Talk:Comma-separated values

From Wikipedia, the free encyclopedia

Contents


[edit] Comma vs Character

  • The C in CSV usually refers to comma, (anonymous insertion: Actually this entire article is wrong, I have it on good authority that it actually stands for "Common" As in Commonly seperated value) but I prefer character as in character separated values. The principal is the same and it is more universal in application. Where commas can be embedded in the values, the presence or absence of quotes is critical. The use of uncommon characters for delimiters (such as vertical bar |) reduces the need for quotes and is much safer to use in practice. [This is wrong - delimiting with a common-use character such as comma helps ensure correct use of escaping and encoding, thereby assuring safety. Use of an uncommon character like bar or caret is leaving a time bomb in the system, triggered when the uncommon character turns up in the business data at a later time. Use of uncommon characters for delimiters should always be avoided where possible. --Jaymax 16:50, 2 April 2007 (UTC)]
  • Most file format conversion programs allow a variety of delimiter characters to be used in place of comma. Tabs are common delimiters.
  • The character delimiter is widely known to experienced users, but novices are easily confounded when delimiters are not commas. [and really experienced users have dealt with trying to fix an interface where someone years ago decided that | or ¦ or ^ or similar would be 'safe' and therefore never noticed that the escaping logic was broken.]
  • When CSV is used for search, disambiguation is warranted for comma vs character separated values.

john 07:21, 26 Sep 2004 (UTC)

[edit] Making guidelines more formal

I think that the general guidelines of a CSV should be explained in the Formal Specifications section rather than in the Example section (see note 1 below), stating clearly that those are not the standard, but perhaps the most widely used ones. I propose the Creativyst guidelines to be used (already linked from mentioned section). It would also be good to note the differences between the last and the RFC 4180. Juan Loman. 00:44, 13 December 2005 (PST)
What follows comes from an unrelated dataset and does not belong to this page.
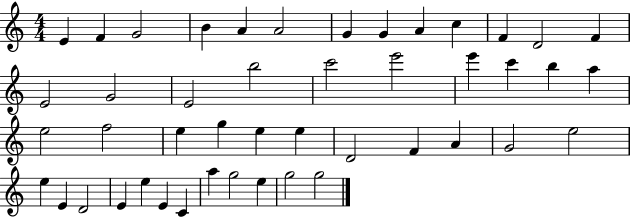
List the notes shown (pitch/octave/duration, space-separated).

E4/q F4/q G4/h B4/q A4/q A4/h G4/q G4/q A4/q C5/q F4/q D4/h F4/q E4/h G4/h E4/h B5/h C6/h E6/h E6/q C6/q B5/q A5/q E5/h F5/h E5/q G5/q E5/q E5/q D4/h F4/q A4/q G4/h E5/h E5/q E4/q D4/h E4/q E5/q E4/q C4/q A5/q G5/h E5/q G5/h G5/h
Note 1: The guidelines in the "Example" section are good for an example, but should not be the only ones in the entire document.

[edit] Example

Does anyone else think that the format shown in the example CSV data is a poor poor choice to show other people, with spaces between the comma and the text qualifier?

I don't think it's even valid CSV -- I'm not sure how the comma-space-quote should be parsed. Richard W.M. Jones 09:53, 3 November 2005 (UTC)
I agree. A good example would exercise the full range of valid input (note that spaces after the commas is valid input though). How about:
1997,Ford,E350,"ac, abs, moon",3000.00
1999,Chevy,"Venture ""Extended Edition""",,4900.00
1996, Jeep, Grand Cherokee, "air, moon roof, loaded
MUST SELL!", 4799.00
Yes, this is a much better example. Perhaps also a table showing how it should be interpreted in a spreadsheet? Particularly the multi-line "air ... SELL!" cell which would be very well demonstrated by the table. Richard W.M. Jones 21:29, 3 November 2005 (UTC)
Small problem is that in both the text and the table, the CR looks like natural wrapping. A bit of tweaking could put the CR such that the first line is shorter than the first in the table, and the CR in the text truncates the line early. Also, would it be appropriate to include field labels at the top of the CSV text only, showing the optional convention of the first line being a comma delimited list of fieldnames? --195.92.40.49 14:57, 2 March 2006 (UTC)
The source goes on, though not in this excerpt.